Acumulou uma dívida de R$ 2 mil no período. “Comprei um celular, tênis,
roupa, gastei com festas e até parcelei a entrada de um carro. Quero
acabar com o cartão, porque vira um vício. Gastei demais e quando vi não
tinha como pagar”, diz.
A dívida de Silva
aumentou mais de R$ 500 em três meses. “Eu nem olho para quanto cobram
de juros. Não gosto de ver essas taxas”, afirma Alisson. Mesmo com as
novas regras, ele acha que vai se enrolar com as parcelas. “Não vai
fazer muita diferença para mim. O segredo é a pessoa saber se programar
para pagar a fatura em dia”, declara.
Pesquisa
do SPC Brasil aponta que o cartão de crédito é o motivo da inadimplência
para metade das pessoas que estão com o nome sujo ou que estiveram
nessa situação nos últimos 12 meses. A auxiliar de serviços gerais
Cristiana Carneiro da Silva, 40 anos, conhece a realidade de não ter
crédito na praça. Por três meses pagou o valor mínimo da fatura, mas,
sem emprego, não conseguiu mais honrar os compromissos. “A dívida
aumentou quase R$ 500 em alguns meses”, diz. Apesar
de achar extorsivos os juros oferecidos, ela está se planejando para
limpar o nome. “Bloqueei o cartão e não uso nenhum. É ruim estar com o
nome sujo, não consigo comprar nada”, desabafa.
Para
Marcela, além das novas regras, é necessário que os consumidores se
segurem na hora de comprar com o cartão. “De fato, as taxas do parcelado
são menores que as do rotativo, mas continuam elevadas. Ainda é
necessário ter cuidado na hora de comprar a prazo, até porque os juros
do rotativo continuam sendo cobrados no primeiro mês”, nota. A
economista aponta que o problema é o consumidor usar o cartão para
gastos corriqueiros e de curto prazo, além de não ter controle do valor
da fatura, como admitiram 49% das pessoas ao SPC Brasil.
O
diretor do Instituto Brasileiro de Política e Direito do Consumidor
(Brasilcon), Leonardo Garcia, acredita que a medida será positiva para o
consumidor, pela obrigação de negociar a pendência com o banco antes
que a dívida se torne uma bola de neve. “As pessoas só se preocupam em
resolver o problema quando já é um montante alto”, afirma. Para ele,
além de informação, é importante que o cliente receba aconselhamento da
instituição financeira para saber qual a melhor opção. “Mesmo no
parcelado, há o risco de ele escolher uma opção que não é tão vantajosa.

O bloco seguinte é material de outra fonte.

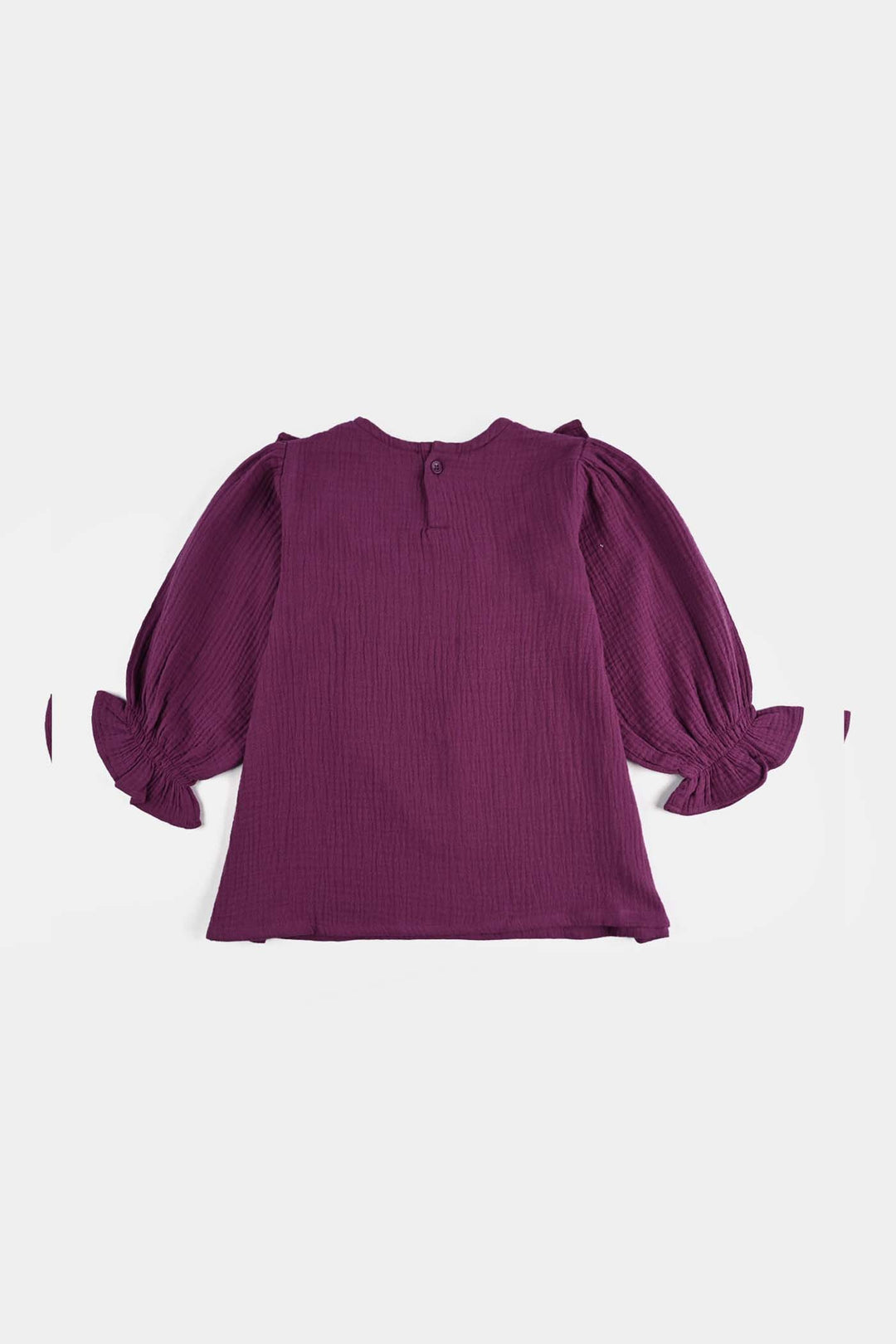 Girls Poly Crinkle Emb Co-Ord Set Plum - Purple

É importante que ele conheça todos os encargos e possa comparar qual a
melhor forma de pagamento”, aponta.
As regras
são válidas para todos os cartões de crédito do mercado, inclusive os
cartões private label, como C&A e Lojas Americanas. O cartão Nubank,
um Fintech, também deve observar as novas regras, de acordo com o
professor Breno Peixoto Cortez, do Centro Universitário Estácio. O
especialista explica que as medidas funcionam como proteção aos
consumidores que financiavam suas compras com o rotativo do cartão de
crédito. “O parcelamento de fatura já é um produto ofertado pelos
bancos, porém, pouco utilizado. A mudança será benéfica para todos os
envolvidos. O consumidor terá mais consciência financeira, os juros
totais pagos tendem a reduzir e a curto prazo a inadimplência, também”,
argumenta. [o único risco é que o crédito que vai substituir o rotativo tenha taxas altas - a legislação não estipula um limite para as mesmas, o que deixa os bancos livres para levares tais taxas a percentuais inferiores em um ou dois pontos em relação ao temido rotativo.]

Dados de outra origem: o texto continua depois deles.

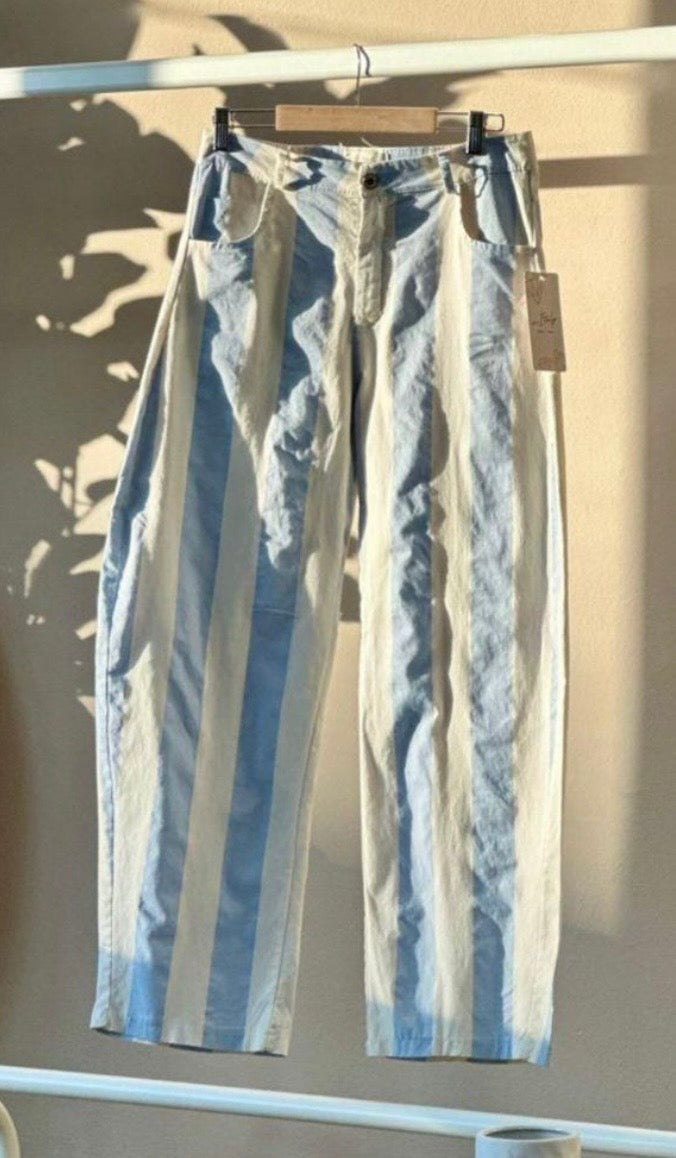 2240 Italian Striped Light Blue Barrel Pant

Ferramenta pode ser aliada
Atenção
O
cartão de crédito, usado com cuidado, pode trazer benefícios para os
clientes, avaliam especialistas. Reinaldo Domingos, presidente da DSOP
Educação Financeira, afirma que a ferramenta deve ser usada como aliada e
não inimiga. É um meio de compra seguro, que proporciona rapidez,
segurança e comodidade de fazer pagamentos 30 dias após a transação, sem
juros. “O cartão de crédito não é o vilão. As pessoas precisam aprender
a lidar com ele, porque, se bem utilizado, ele pode gerar benefícios,
como bônus, milhas e pontuação”, garante.
Segundo
o educador, ao longo do Plano Real, durante o governo do presidente
Fernando Henrique Cardoso, várias pessoas adquiriram o cartão de crédito
pela primeira vez. Muitas com limites acima da capacidade de pagamento.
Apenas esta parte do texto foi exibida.